The fate of the downtown historic landmark T&P Warehouse may be determined next month.
The shuttered building at West Lancaster and Jennings avenues has sat vacant for decades — and now the city is seeking to understand whether the building can be “reasonably rehabilitated.”
The city of Fort Worth’s Historic and Cultural Landmarks Commission will determine Sept. 11 whether the property at 401 W. Lancaster Ave. can be restored or revitalized.
The commission had originally intended to hear the case in mid-August, but it was tabled for a month.
Downtown Fort Worth, Inc., the nonprofit planning organization, passed a formal resolution in July urging redevelopment of the shuttered warehouse, built in 1931 on the south end of downtown.
Fort Worth city officials began conducting a structural inspection of the eight-story property in March. An engineering firm, Frank W. Neal and Associates, recommended in June more than $2 million in structural repairs after several code violations and decades of neglect.
Structural repair costs would only address health and safety standards and are separate from any unknown costs of renovations to revitalize the building.
“The T&P Warehouse is an important historic asset and its restoration and redevelopment are long overdue — so much so that the building’s continuing deterioration is cause for great concern,” Andy Taft, president of Downtown Fort Worth Inc., told the Star-Telegram in July. “The city is right to elevate the condition of the building as a civic priority, and we are supportive of anything the city can do to advance this building’s productive return.”
While the T&P Warehouse sits vacant, new development is booming nearby in what’s known as the Downtown Lancaster Corridor.
Over the years, the T&P Warehouse owner has touted plans for redevelopment, but none have come to fruition.
Tom Hanley, a retired real estate auctioneer, worked in the T&P Warehouse in the late 1970s and early ‘80s with Eaton Corp. To his knowledge, the company was one of the last to occupy the warehouse before it eventually shuttered.
Even in the early 1980s, the warehouse was an “old building way past its prime” and described the property as “functionally obsolete,” Hanley told the Star-Telegram.
“Nearly 90% of the building was unoccupied and just hanging by a thread in terms of functionality,” Hanley said. “Here it is 43 years later, and it’s even more nonfunctional.”

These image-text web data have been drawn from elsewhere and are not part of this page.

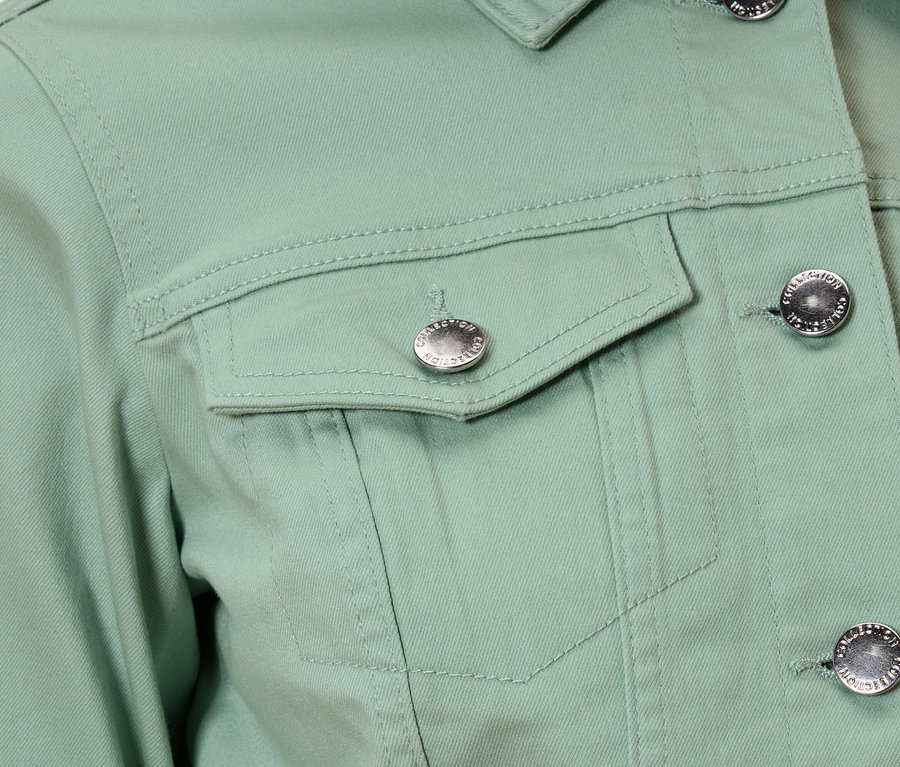 Gros plan sur une veste vert clair avec des boutons argentés et une poche poitrine.
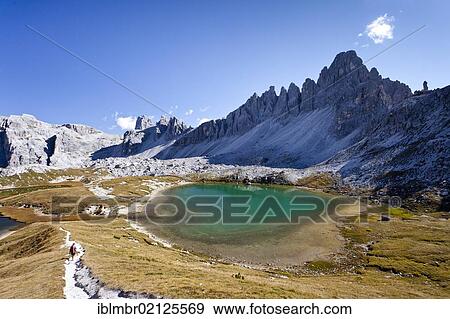 Stock Photo - Hiker descending from the Three Peaks Lodge, currently at the Boedenseen Lakes, with Paternkofel Mountain on the right, Zwoelferkofel Mountain at the rear, Alta Pusteria, Sesto, Dolomites, Alto Adige, Italy, Europe. Fotosearch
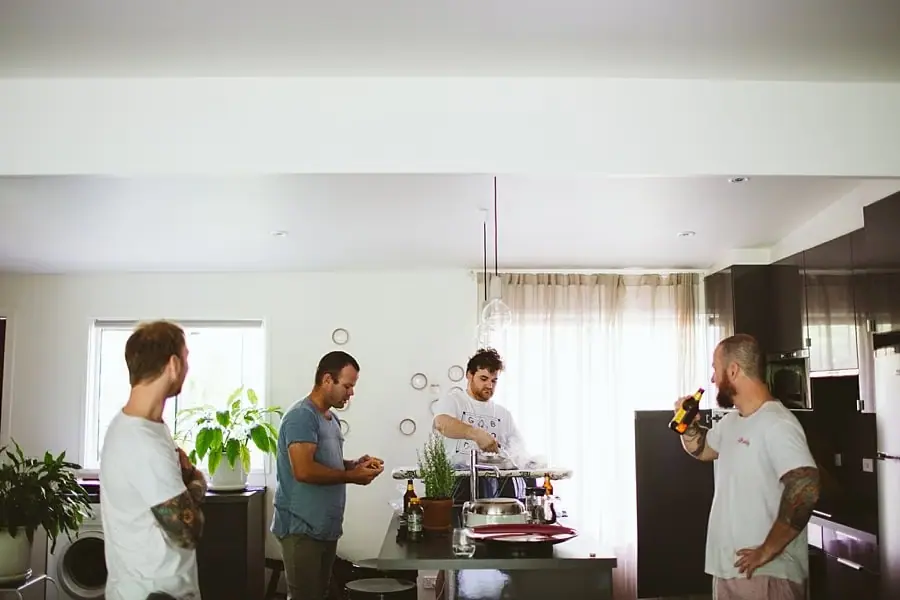 Men chat and prepare drinks around a kitchen island.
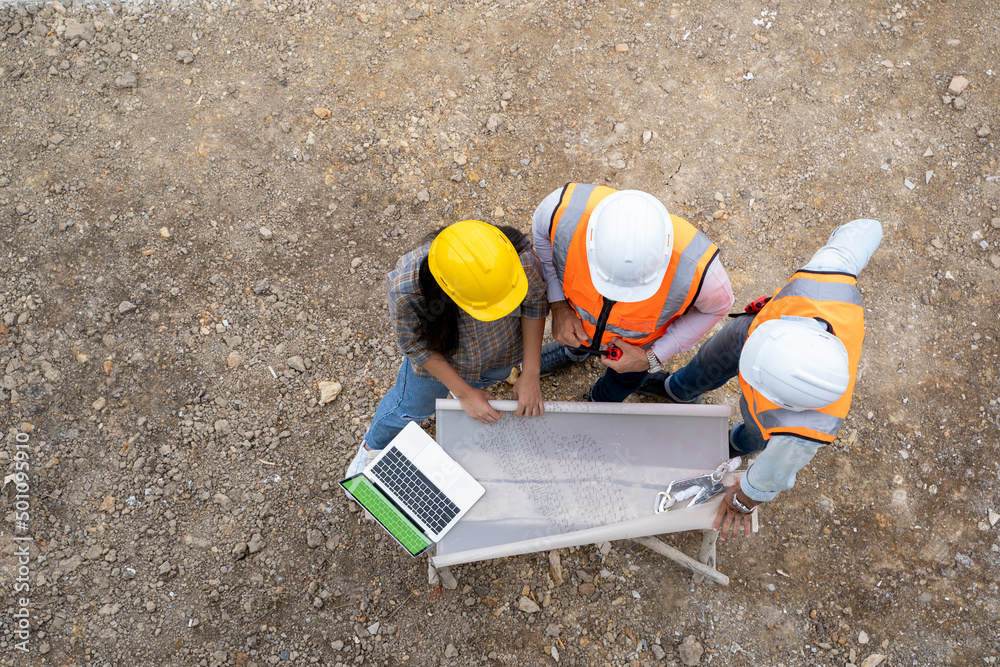 Aufkleber Architect and engineer foreman in helmet working on a building site,Civil engineer project construction work.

Hanley recalls the freight elevators occasionally falling from the seventh floor, where he worked.
“The one warehouseman that was still with the property would fall with it, and it was pretty crazy,” Hanley said. “Some of our warehousemen were in the elevators when they fell. The property owner at the time just wasn’t maintaining it.”
Hanley also said elevators at the time were “antiquated” and workers had to be careful getting on and off of them to not get their clothes caught in the doors.
“It was pretty dangerous,” Hanley said. “Those were the days when OSHA was still in its infancy.”
Hanley said he was fresh out of college at the time and wasn’t in the mindset to make a complaint, but he looks back and realizes now something should have been done to solve the issues.